Oceanside is gearing up to tackle beach erosion in style, inviting the world to weigh in on its sandy future. The final public workshop for the city's RE:BEACH initiative wrapped up last week, drawing a crowd of 150 locals, according to the San Diego CITD. Spearheaded by Oceanside's partnership with GHD and Resilient Cities Catalyst, RE:BEACH has shortlisted three international design teams to bring their A-game in coastal resilience, with just one set to snag the go-ahead to morph their blueprints into reality.
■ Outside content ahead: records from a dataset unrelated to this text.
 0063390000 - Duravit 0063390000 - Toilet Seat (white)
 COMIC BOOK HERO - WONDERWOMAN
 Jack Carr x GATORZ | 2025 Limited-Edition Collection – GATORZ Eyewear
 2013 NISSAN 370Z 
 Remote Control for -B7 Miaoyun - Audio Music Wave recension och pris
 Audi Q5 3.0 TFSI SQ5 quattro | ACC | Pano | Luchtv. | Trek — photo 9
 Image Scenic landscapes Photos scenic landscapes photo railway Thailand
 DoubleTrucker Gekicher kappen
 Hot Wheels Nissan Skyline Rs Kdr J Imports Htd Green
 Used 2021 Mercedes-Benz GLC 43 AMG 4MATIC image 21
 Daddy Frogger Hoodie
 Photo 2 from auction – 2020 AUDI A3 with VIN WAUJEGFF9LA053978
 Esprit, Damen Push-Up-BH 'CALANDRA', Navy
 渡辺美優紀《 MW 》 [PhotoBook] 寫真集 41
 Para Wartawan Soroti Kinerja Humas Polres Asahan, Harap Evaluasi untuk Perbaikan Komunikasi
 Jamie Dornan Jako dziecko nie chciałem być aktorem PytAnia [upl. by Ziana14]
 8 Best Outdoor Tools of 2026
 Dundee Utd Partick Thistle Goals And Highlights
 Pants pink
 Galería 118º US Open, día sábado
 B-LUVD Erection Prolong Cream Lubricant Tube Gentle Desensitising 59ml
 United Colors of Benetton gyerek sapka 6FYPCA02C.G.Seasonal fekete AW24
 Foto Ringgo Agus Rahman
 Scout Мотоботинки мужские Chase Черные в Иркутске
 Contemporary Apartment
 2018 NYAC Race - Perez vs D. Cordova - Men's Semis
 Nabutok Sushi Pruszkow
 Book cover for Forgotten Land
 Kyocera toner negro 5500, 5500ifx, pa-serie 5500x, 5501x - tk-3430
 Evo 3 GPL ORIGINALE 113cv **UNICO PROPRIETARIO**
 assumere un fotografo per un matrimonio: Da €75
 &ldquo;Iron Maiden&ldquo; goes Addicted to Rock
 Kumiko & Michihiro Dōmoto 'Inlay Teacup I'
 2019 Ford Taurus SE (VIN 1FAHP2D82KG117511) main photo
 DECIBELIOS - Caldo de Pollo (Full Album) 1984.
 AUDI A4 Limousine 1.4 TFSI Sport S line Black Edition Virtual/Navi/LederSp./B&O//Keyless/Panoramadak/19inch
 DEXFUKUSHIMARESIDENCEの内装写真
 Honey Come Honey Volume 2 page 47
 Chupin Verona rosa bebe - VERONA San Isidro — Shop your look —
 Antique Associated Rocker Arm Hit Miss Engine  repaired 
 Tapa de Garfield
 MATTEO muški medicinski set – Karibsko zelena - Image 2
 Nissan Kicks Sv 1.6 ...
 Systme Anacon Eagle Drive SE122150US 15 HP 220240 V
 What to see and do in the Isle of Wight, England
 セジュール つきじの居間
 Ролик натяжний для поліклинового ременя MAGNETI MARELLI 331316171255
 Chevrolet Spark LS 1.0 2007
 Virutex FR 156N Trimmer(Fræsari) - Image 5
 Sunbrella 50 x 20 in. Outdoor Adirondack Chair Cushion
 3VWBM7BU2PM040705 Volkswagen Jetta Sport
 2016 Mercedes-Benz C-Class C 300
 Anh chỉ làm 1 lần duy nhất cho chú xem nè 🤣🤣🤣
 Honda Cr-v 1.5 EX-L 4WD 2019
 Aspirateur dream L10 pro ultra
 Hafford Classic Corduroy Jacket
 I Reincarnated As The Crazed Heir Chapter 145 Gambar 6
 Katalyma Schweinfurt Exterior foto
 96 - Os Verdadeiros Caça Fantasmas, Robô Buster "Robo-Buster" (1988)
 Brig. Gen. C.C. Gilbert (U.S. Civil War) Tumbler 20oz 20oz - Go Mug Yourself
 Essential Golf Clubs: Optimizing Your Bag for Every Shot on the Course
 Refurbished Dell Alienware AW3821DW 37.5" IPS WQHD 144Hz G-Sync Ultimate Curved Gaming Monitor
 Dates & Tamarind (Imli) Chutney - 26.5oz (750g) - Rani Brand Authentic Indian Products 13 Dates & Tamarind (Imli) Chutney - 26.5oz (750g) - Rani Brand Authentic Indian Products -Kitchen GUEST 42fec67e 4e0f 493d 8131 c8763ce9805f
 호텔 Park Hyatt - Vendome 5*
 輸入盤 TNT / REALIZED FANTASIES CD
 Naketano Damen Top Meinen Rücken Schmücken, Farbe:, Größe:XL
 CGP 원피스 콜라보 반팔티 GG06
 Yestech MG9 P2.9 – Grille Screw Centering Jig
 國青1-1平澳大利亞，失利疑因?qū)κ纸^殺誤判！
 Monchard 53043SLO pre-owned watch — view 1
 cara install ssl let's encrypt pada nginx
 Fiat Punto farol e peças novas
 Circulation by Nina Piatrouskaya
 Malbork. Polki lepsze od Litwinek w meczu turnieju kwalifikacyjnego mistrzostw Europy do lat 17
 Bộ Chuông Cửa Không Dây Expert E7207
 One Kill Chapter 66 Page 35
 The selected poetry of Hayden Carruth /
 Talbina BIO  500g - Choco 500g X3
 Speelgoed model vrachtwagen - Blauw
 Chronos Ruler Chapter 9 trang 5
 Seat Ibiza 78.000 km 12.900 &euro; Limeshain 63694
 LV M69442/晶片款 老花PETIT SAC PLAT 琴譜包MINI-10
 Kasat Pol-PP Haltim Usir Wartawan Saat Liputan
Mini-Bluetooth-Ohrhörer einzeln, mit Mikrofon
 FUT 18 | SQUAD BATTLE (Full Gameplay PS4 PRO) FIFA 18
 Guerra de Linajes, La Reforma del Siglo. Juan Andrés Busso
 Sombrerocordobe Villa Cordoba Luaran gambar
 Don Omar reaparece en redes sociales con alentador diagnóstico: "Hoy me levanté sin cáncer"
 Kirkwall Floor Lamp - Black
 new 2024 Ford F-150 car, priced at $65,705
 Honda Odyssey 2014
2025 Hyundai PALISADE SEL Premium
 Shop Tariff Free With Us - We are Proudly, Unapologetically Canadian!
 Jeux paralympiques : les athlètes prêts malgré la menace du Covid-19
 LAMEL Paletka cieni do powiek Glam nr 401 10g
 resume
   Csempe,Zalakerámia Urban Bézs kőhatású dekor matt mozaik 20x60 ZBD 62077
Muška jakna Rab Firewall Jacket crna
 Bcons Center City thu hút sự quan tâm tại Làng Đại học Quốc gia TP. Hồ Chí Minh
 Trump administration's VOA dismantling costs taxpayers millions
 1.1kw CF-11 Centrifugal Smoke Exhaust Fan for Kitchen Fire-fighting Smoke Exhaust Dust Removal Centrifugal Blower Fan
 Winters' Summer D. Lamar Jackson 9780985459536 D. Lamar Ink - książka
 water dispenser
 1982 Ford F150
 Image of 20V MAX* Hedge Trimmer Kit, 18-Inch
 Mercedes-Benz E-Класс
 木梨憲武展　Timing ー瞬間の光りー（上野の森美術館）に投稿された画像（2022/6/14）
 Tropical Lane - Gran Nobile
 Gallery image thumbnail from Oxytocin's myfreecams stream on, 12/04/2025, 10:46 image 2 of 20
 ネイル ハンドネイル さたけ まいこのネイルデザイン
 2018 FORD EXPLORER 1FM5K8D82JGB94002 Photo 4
Calling it a meld of global smarts and local hearts, Jayme Timberlake, Oceanside's Coastal Zone Administrator, lauded the competition for pulling in ideas from top coastal specialists. "The designs resulting from this competition exemplify ideas from prominent coastal specialists from across the globe, and we’ve brought forth tangible solutions for responsibly restoring and sustaining sand on our coastline," Timberlake praised, per an interview obtained by San Diego CITD. The public's two cents have been loud and clear, with feedback from workshops and online commentary shaping the contest's final front-runners.

From the Netherlands, the Dutch team Deltares/MVRDV, is selling the "Green Dream Peninsula," a pitch to extend the coast with a natural-like peninsula, big on recreation and environmental perks; across the pond, SCAPE/ESA floats the "Dunepark/Hybrid Beach," reimagining a sliver of beach into a buff dune landscape; down under, International Coastal Management flaunted its "Living Speed Bumps," leveraging eco-smart reefs and berms to bolster beach breadth, all details outlined by the RE:BEACH OCEANSIDE website.

"RE:BEACH is more than just a project; it’s a shared vision for a sustainable and vibrant coastal future that the City expects will be enjoyed by current and future generations," Timberlake said, capping off the third workshop and reinforcing the sentiment that it's not just about keeping the sand put but knitting together a strategy to keep Oceanside's coasts charming for the long haul. On January 31, the city council will huddle up at 5:30 p.m. to chew over the designs, picking the winner to greenlight for engineering and permits, as noted in the San Diego CITD report.